Harga Minyak Turun 3% Karena Peningkatan Produksi Di Libya Dan Produsen Minyak AS kembali Beroperasi

0
200
Minyak Libya

Harga Minyak Turun 3% Karena Peningkatan Produksi Di Libya Dan Produsen Minyak AS kembali Beroperasi

JAVAFX – Harga minyak turun sekitar 3% di awal pekan karena force majeure di ladang minyak terbesar Libya dicabut, pemogokan di Norwegia berakhir dan produsen minyak AS mulai beroperasi
setelah Badai Delta.
Minyak mentah Brent turun $1,13 atau 2,6% menjadi $41,71 per barel. WTI turun 2,9% atau $1,17 menjadi $39,43 per barel.

Produksi di Libya, yang merupakan anggota Organisasi Negara Pengekspor Minyak (OPEC), diperkirakan akan naik menjadi 355.000 barel per hari (bph) setelah keadaan kahar di ladang minyak Sharara dicabut pada hari Minggu.
Peningkatan produksi Libya akan menjadi tantangan bagi OPEC + – kelompok yang terdiri dari OPEC dan sekutunya termasuk Rusia – dan upayanya untuk mengekang pasokan untuk mendukung harga.

“Ini adalah bagian besar dari produksi untuk online saat Anda tidak membutuhkan satu pun dari barel itu, yang merupakan berita buruk bagi sisi pasokan persamaan,” kata Bob Yawger, direktur
energi berjangka di Mizuho di New York.
Delta Badai, yang menimbulkan pukulan terbesar dalam 15 tahun terhadap produksi energi di Teluk Meksiko AS pekan lalu, diturunkan menjadi siklon pasca-tropis pada akhir pekan.

Para pekerja kembali ke platform produksi pada hari Minggu dan perusahaan minyak Perancis Total TOTF.PA memulai kembali 225.500 barel per hari kilang Port Arthur di Texas.
Pelabuhan Minyak Lepas Pantai Louisiana (LOOP) pada hari Senin mengatakan telah melanjutkan operasi di Terminal Laut lepas pantai dan tidak ada gangguan dalam pengiriman di Hub Clovelly.

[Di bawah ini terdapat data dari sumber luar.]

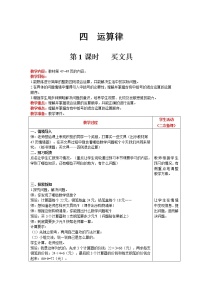 小学数学北师大版四年级上册1 买文具公开课第1课时教学设计及反思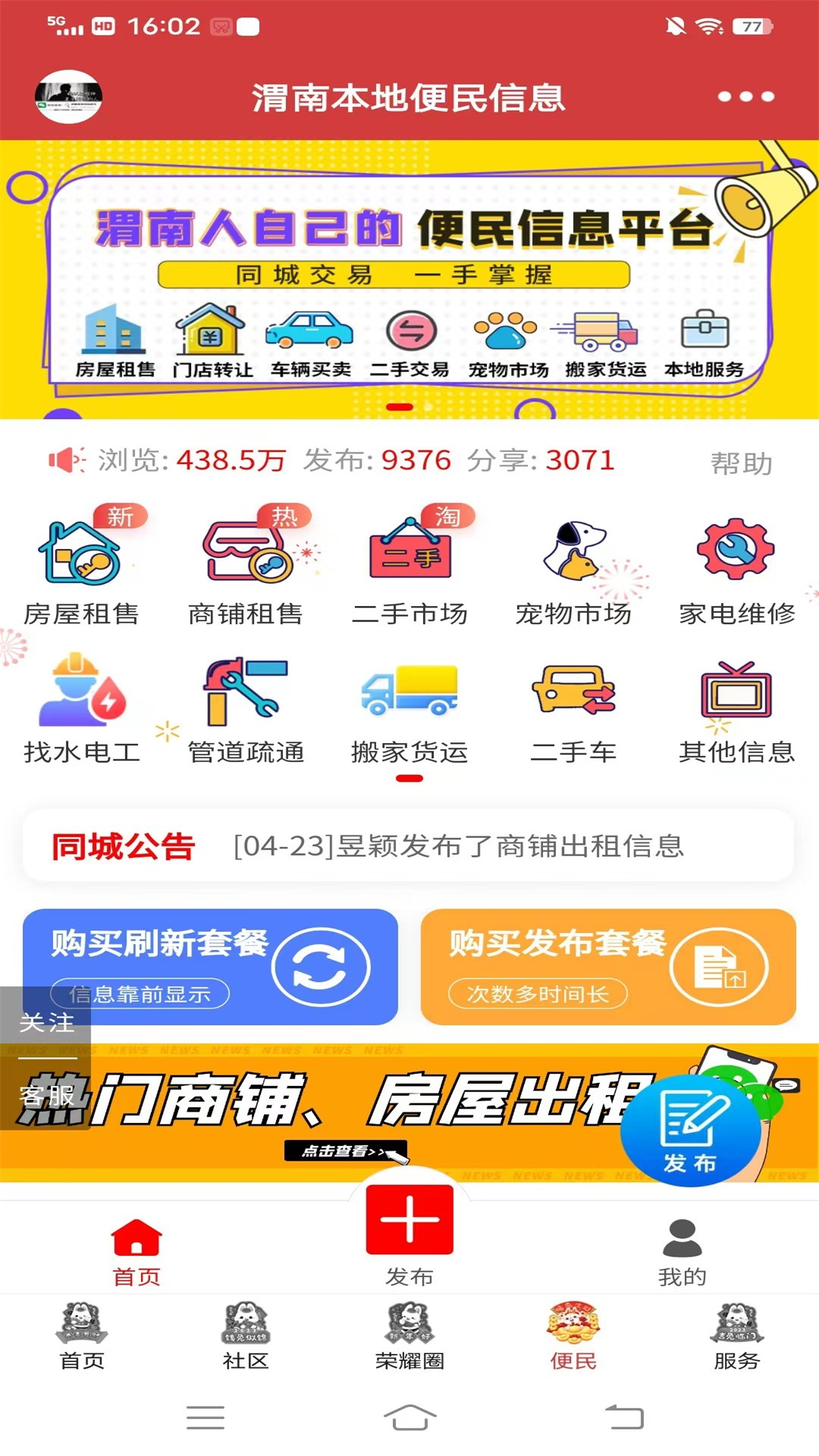 荣耀渭南网v5.4.1.40截图3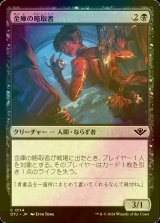 [FOIL] 金庫の略取者/Vault Plunderer 【日本語版】 [OTJ-黒C] *詳細要確認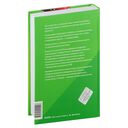 Токсичные мудаки. Как поставить на место людей с завышенным чувством собственной важности и сохранить рассудок — фото, картинка — 14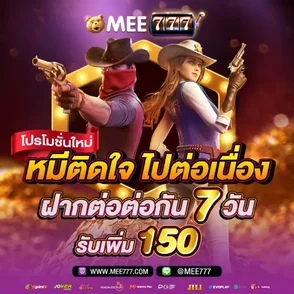 โปรฝากเงิน รับโบนัส 300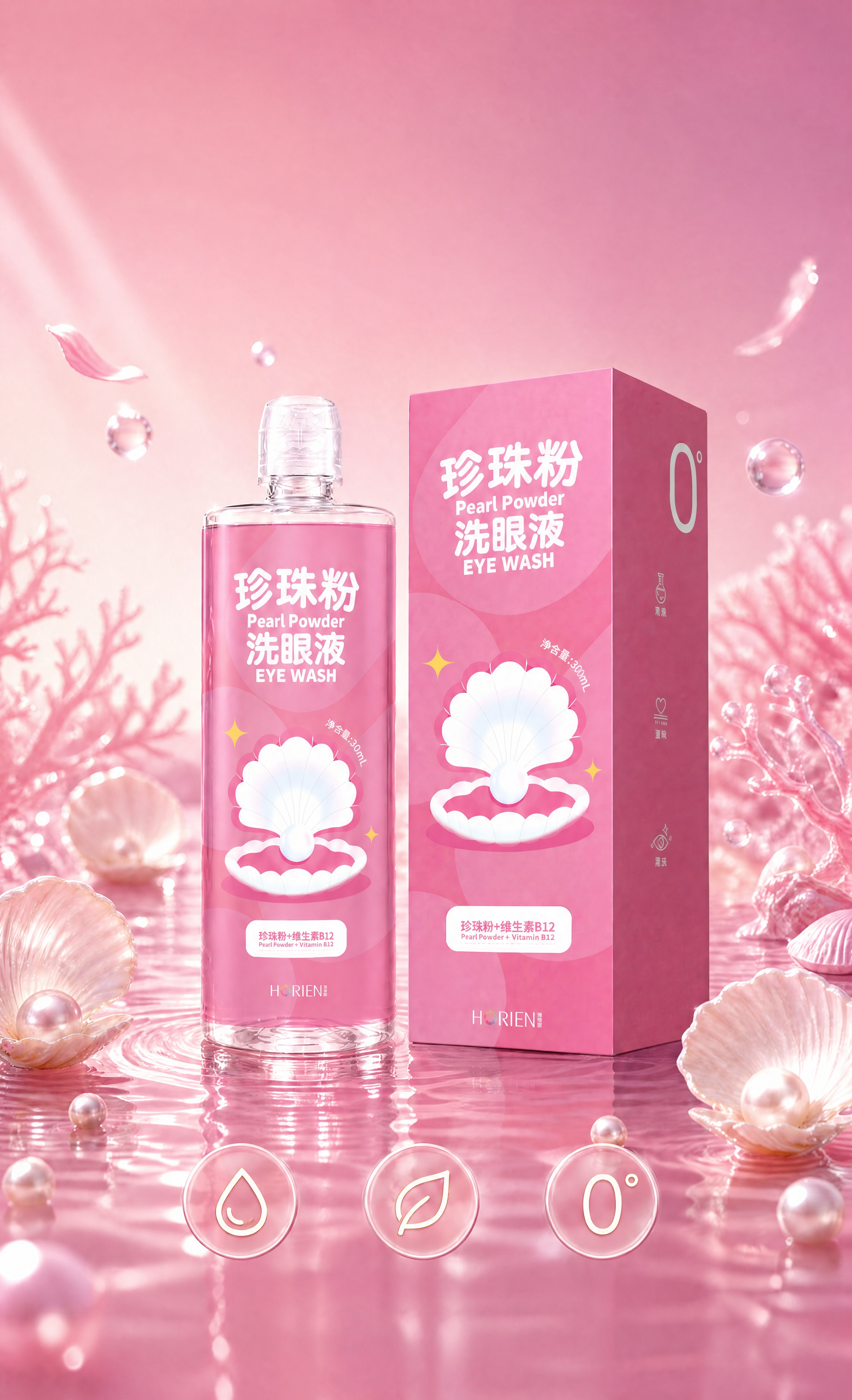 产品主体（洗眼液瓶+包装盒）、粉色海洋水面背景、所有排版布局、… - 图片创意预览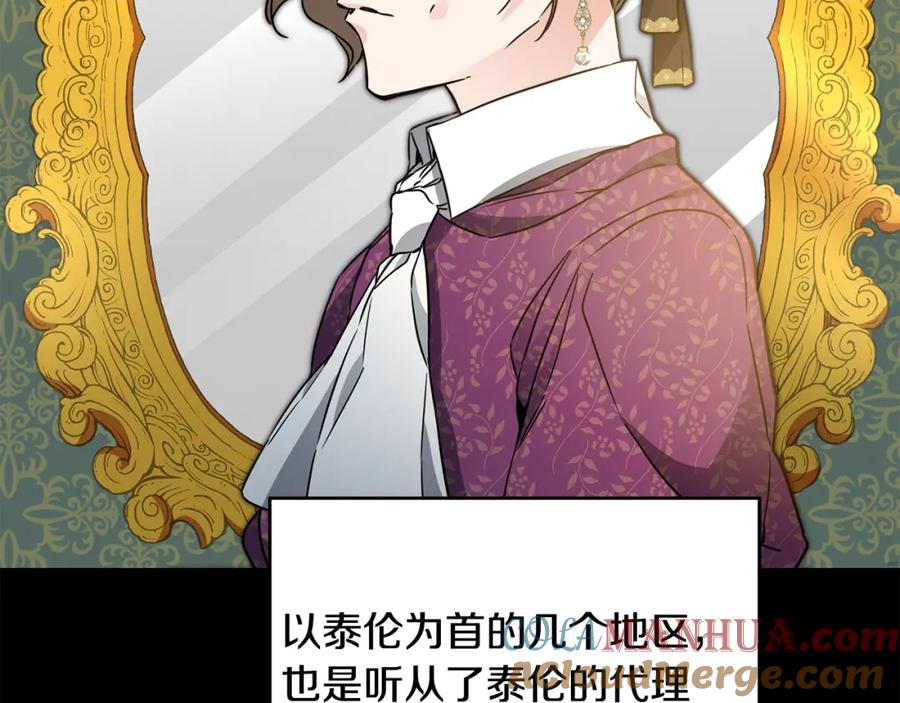 变身成女帝 - 第60话 回忆的漩涡 - 第9张图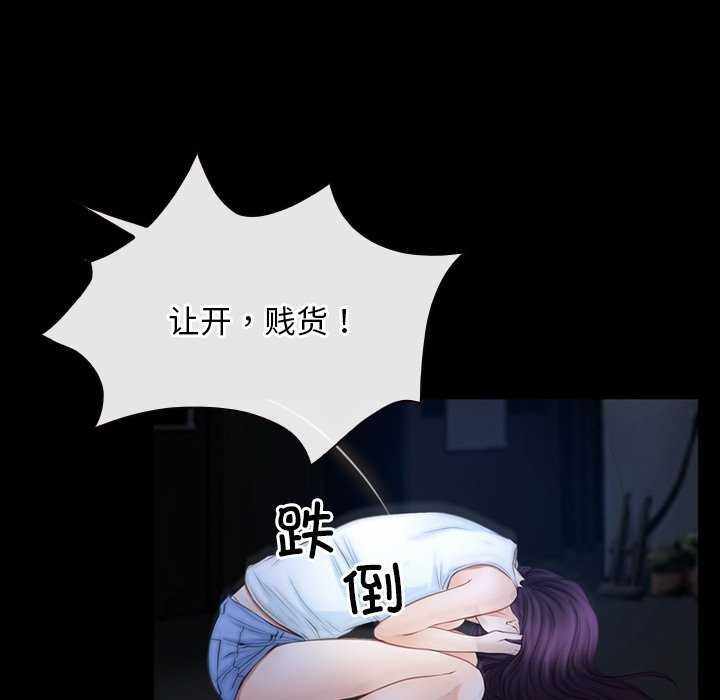 寻找初恋第44話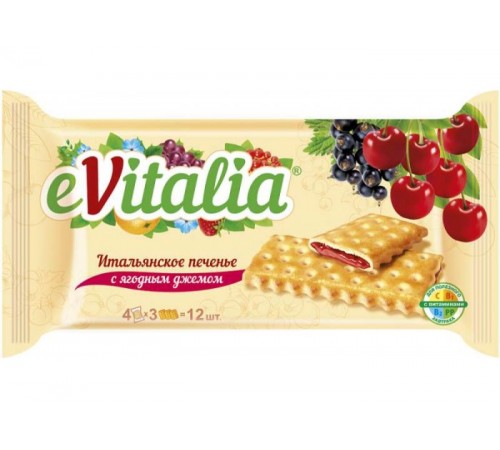 Печенье с кусочками шоколада 50гр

Harga bulan depan untuk kedua kontrak naik lebih dari 9% minggu lalu dalam kenaikan mingguan terbesar untuk Brent sejak Juni. Tetapi keduanya jatuh pada hari Jumat setelah perusahaan minyak
Norwegia mencapai kesepakatan dengan pejabat serikat pekerja untuk mengakhiri pemogokan yang mengancam akan memangkas produksi minyak dan gas negara itu hampir 25%.

Harga juga tertekan oleh lonjakan kasus COVID-19 baru, yang telah meningkatkan momok penguncian lebih banyak yang dapat mengurangi permintaan minyak.